» **ASSIGNED TASK**: Retype the following records exactly and exclude the pictures.

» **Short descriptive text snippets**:
────────

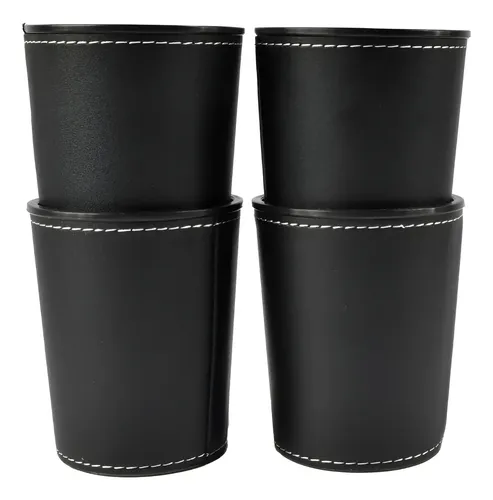 Juego De Mesa Juego De 4 Cachos De Eco Cuero Negro 8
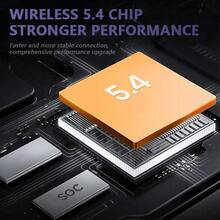 Lenovo TA410 耳夾式無線耳機，清晰環繞音效，智慧觸控藍牙耳機 - 灰色 - 查看 6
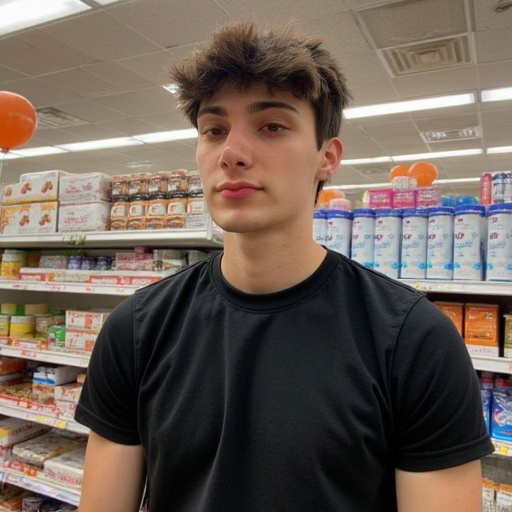 Candid off guard photo of a young man in Japanese convenience store,  POLOBOY on Tensor.Art
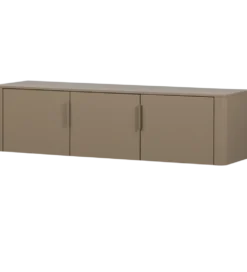 Stolik pod TV GUNNAR 154 cm drewno sosny szary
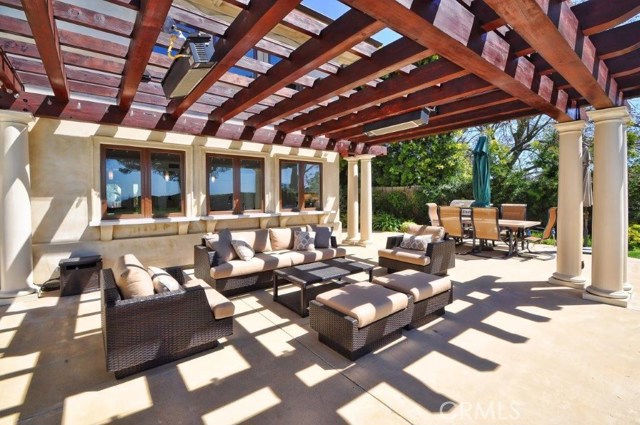Back Trellis Patio Area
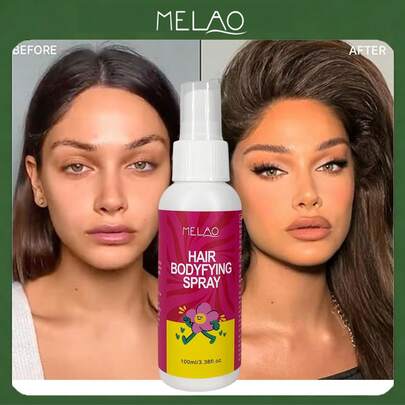  Xịt tạo độ phồng MELAO, 100ml/3.38 fl oz, giúp tăng độ phồng và kết cấu cho tóc mỏng, xẹp, dạng xịt nhẹ cho mái tóc mềm mượt, bóng bẩy.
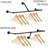 Froelich 32.68'' Metal Industrial Pipe Clothing Rack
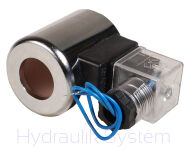 Cewka elektromagnetyczna z wtyczką 12V DC Fi=23mm L=50mm DIN CETOP REXROTH - 2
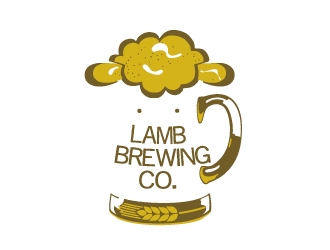 Lamb Brewing Co. logo design by savvyartstudio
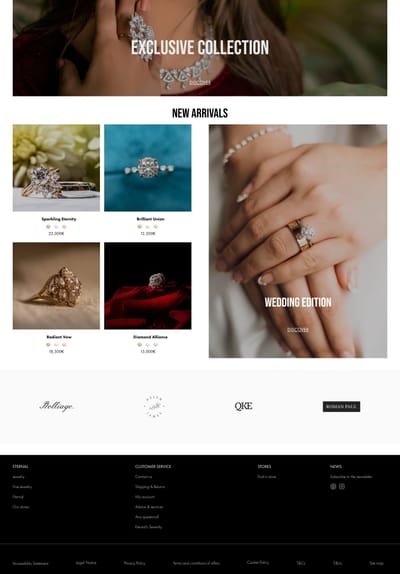 Création d'un site web [ETERNAL] - Website Creation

────────

» **SOLUTION TO THIS EXERCISE**:
 Juego De Mesa Juego De 4 Cachos De Eco Cuero Negro 8
 Lenovo TA410 耳夾式無線耳機，清晰環繞音效，智慧觸控藍牙耳機 - 灰色 - 查看 6
 Candid off guard photo of a young man in Japanese convenience store,  POLOBOY on Tensor.Art
 Stolik pod TV GUNNAR 154 cm drewno sosny szary
Back Trellis Patio Area
  Xịt tạo độ phồng MELAO, 100ml/3.38 fl oz, giúp tăng độ phồng và kết cấu cho tóc mỏng, xẹp, dạng xịt nhẹ cho mái tóc mềm mượt, bóng bẩy.
 Froelich 32.68'' Metal Industrial Pipe Clothing Rack
 Cewka elektromagnetyczna z wtyczką 12V DC Fi=23mm L=50mm DIN CETOP REXROTH - 2
 Lamb Brewing Co. logo design by savvyartstudio
 Création d'un site web [ETERNAL] - Website Creation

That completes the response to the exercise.